■農薬のヒトへの安全性って…

VTRで紹介できなかったのですが、農薬規制の仕組みを1枚のCGでまとめました。


ある農薬を登録する際、まずは農薬メーカーが様々な動物実験を行います。ここではA試験は発がん性をチェックする試験、B試験は発達神経毒性をチェックする試験としましょう。

発達神経毒性とは、その農薬が、母体を通して子どもの神経(特に脳)の発達に与える影響のことです。例えば、妊娠中の母親が飲酒すると、アルコールが胎児の神経の発達を障害して、子どもの行動異常に繋がります。こうした発達神経毒性があるかどうかをチェックする試験は、2019年4月になって、農薬登録の際、試験結果の提出が(必須ではありませんが)求められるようになりました。

上記のB試験では、体重1㎏あたり1日の摂取量が1㎎なら、有害な影響が認められなかった、ということです。こうして多岐にわたる毒性試験を行った上での最低値が「無毒性量」となります。

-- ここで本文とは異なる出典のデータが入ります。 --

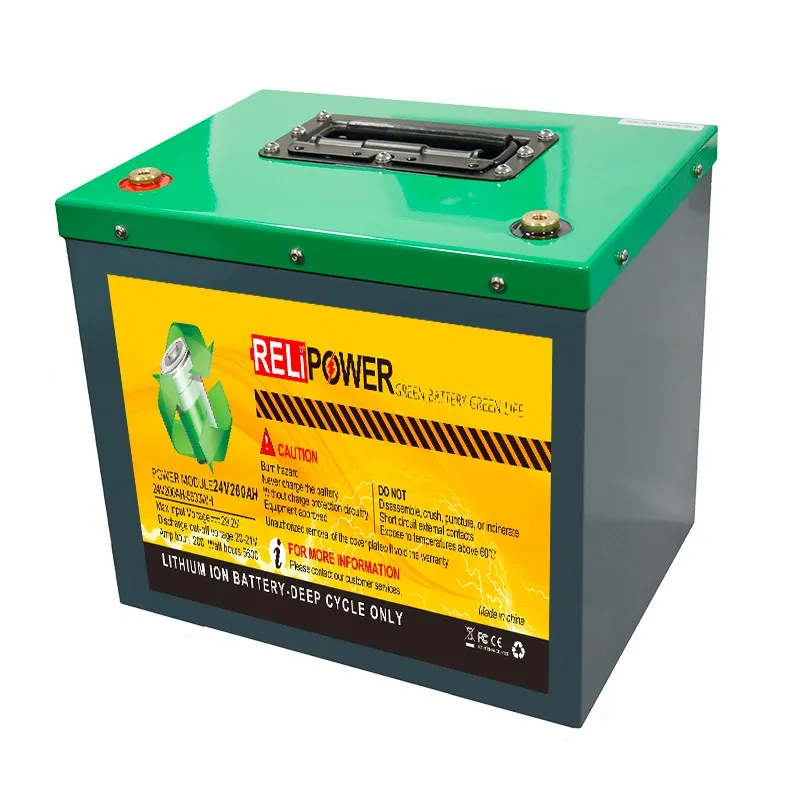 Deepcycle 36v 200ah Lifepo4 Battery With Highpower Lifepo Battery 36v 200ah Module And Lfp 2216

無毒性量とは、「この量以下ならば実験動物での毒性が出ない」と判断された量です。

さて、今度はヒトです。安全のため、動物実験で算出された「無毒性量」を、ヒトとの種差を考慮して10分の1に。ヒトの個体差(感受性の違い)を考慮して、さらに10分の1に小さくします。

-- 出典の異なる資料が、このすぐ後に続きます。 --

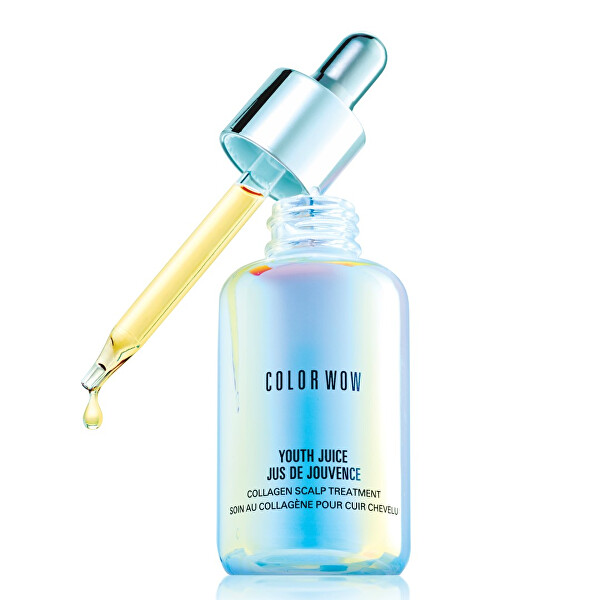 Kolagenová kúra na pokožku hlavy Youth Juice (Collagen Scalp Treatment) 50 ml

つまり無毒性量を100分の1に小さくすれば、ヒトに当てはめても大丈夫だろう…という考え方です。無毒性量を100分の1にした数値を「1日摂取許容量」と言い、内閣府の食品安全委員会が設定します。

「一生の間、毎日、体に取り込んでも健康に影響が出ないとみなせる量」のことで、この数値をベースに、厚生労働省が食品ごとに「どれだけ農薬が含まれても許容できるか」を決めます。これが「残留農薬基準」です。